I am amazed at how resilient our tomato plants have been. Over a month ago we were sure we were going to lose them in the high winds of a passing hurricane. While two of the plants did topple, their stems didn't break and they kept right on growing, extending suckers and leaves out to two feet beyond the garden bed. To my surprise, this final harvest yielded 70 (mostly green) tomatoes and 15 peppers. Regrettably, we didn't keep a formal count of this years harvest but our estimates are 350 tomatoes, 35 peppers, and 40 cucumbers. In all we had 4 tomato plants, one pepper plant, and 3 cucumber plants that only survived for a month or so before succumbing to downy mildew.

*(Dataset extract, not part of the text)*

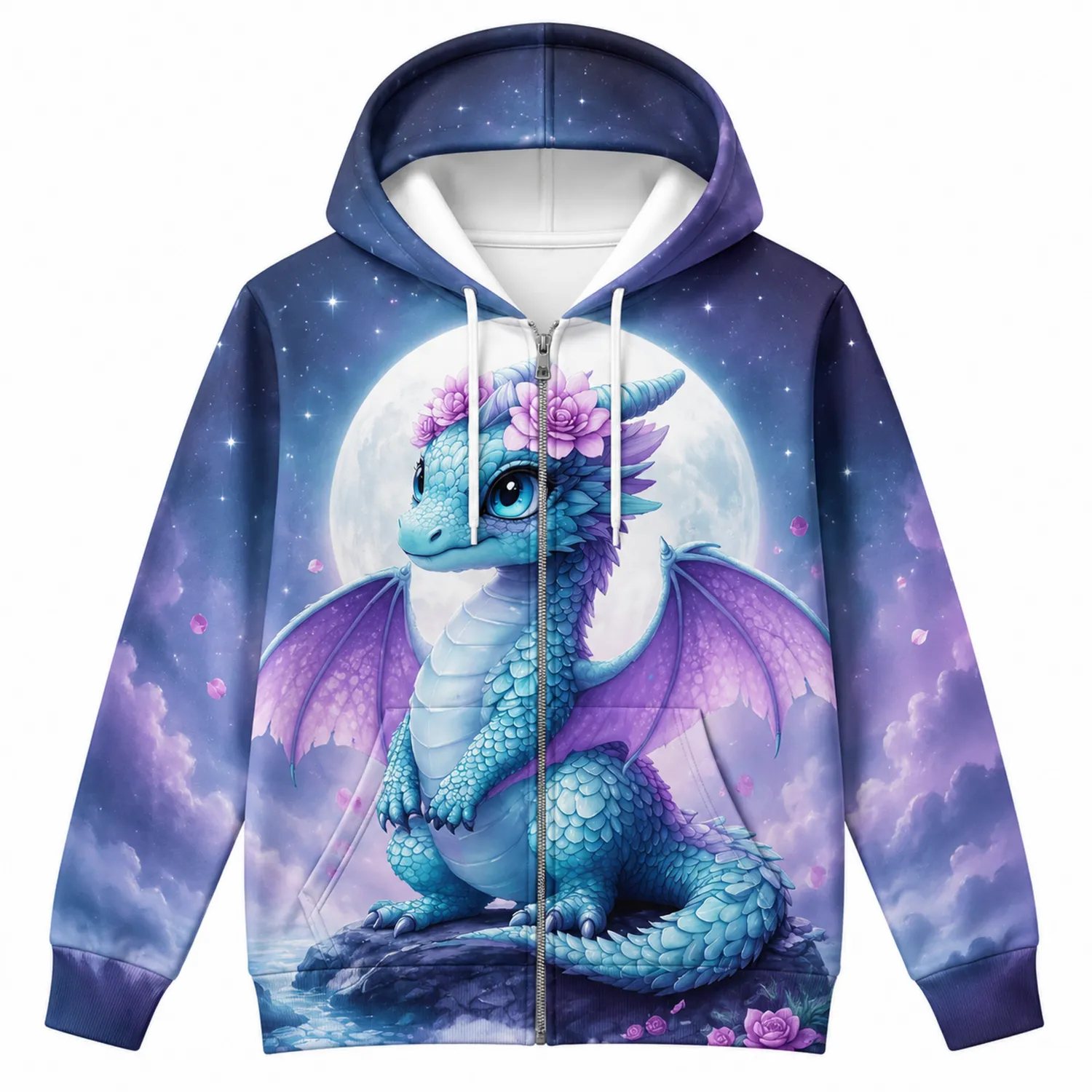 Sweat à Capuche Enfant avec Design Dragon en Bleu et Violet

Soon we will clear out the remaining greens, turn the soil and add compost and leaves to condition the soil for the next planting. I am excited to plan for next spring and have learned much from this year’s effort. I know we will have more tomatoes next year however I plan on using a ladder system instead of the veggie cages from this year. The cages did work well, but I think I'll use them for a different kind of veining plant, pole beans perhaps. We were unprepared for how large the four plants would grow (learning about pinching suckers to control size a bit too late) and they quickly outgrew what the cages were meant to handle. We will also be building a second bed, 4-6 feet by 2 feet just for the tomatoes. It was easy to prune and tie the tomatoes from the back, but to reach up high in the front actually required stepping into the bed. Fortunately our radishes had already been finished off so there was no trampling.
In all I would say this year has been a great success for a novice gardener. Learning to provide for our family in this way brings comfort in uncertain times and has instilled a greater respect for natures workings. Looking at the garden every day and seeing the growth that comes from such tiny seeds, along with the loss of whole crops (ahem, carrots) has served as a reminder of Jesus' parable of the Sower and the Seed. Quiet prayer and reflection on God's creation and plan for mankind was a wonderfully unexpected fruit of this garden.